Murphy's Law: April 10, 2003


For centuries, warfare has largely ignored civilians. The object of combat was to get at the enemy troops and defeat them. But as events of the past century have shown, the enemy troops often hide among a sea of civilians. The communist guerilla tactics were deliberately based on using civilians as sources of information, support, recruits and cover. Attacking into a heavily populated area presents troops with pitfalls and opportunities. Unfortunately, hardly any troops anywhere are trained to deal with civilians in a combat zone. Part of the problem is resources. Where do you get hundreds of people to act, realistically, as local civilians? Some units have tried to improvise. Soldiers are rounded up to wear civilian clothes and role play as best they can. Sometimes, civilians near a military base are asked to volunteer and participate in some training exercises. One solution will probably come from army and marine wargame development operations, where there are already some simulations that include extensive interaction with civilians. But this merely points out the complexity of the situation. Fighting amongst all these civilians shows the need for interpreters, civil affairs troops and an intelligence effort that examines enemy civilians as well as military units.
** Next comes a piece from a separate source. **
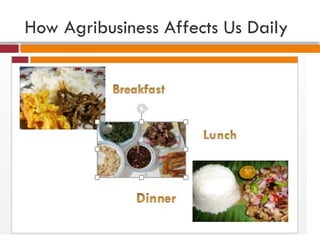 How Agribusiness Affects Us Daily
In the past, civilians were seen as a nuisance, something to just brush away so you could get on to the serious business of fighting. 

Without full realizing it, the United States has actually been in the forefront of developing new ways to deal with civilians on the battlefield, and has been doing so for half a century. This has been done via the U.S. Army Special Forces. Organized to deal with friendly civilians deep in enemy territory, Special Forces also controlled Civil Affairs and psychological warfare operations. You can see where this is leading; incorporating Special Forces functions in regular combat units. This is already happening, somewhat informally. The Department of Defense has announced that Special Operations Troops (Special Forces, commandos, Civil Affairs and Psychological Warfare) troops are a higher proportion of the troops involved than any earlier war. With the exception of Afghanistan, which was righting seen as almost entirely a Special Operations war in the first few months. The new ideas are catching on, and thus so is the future of warfare.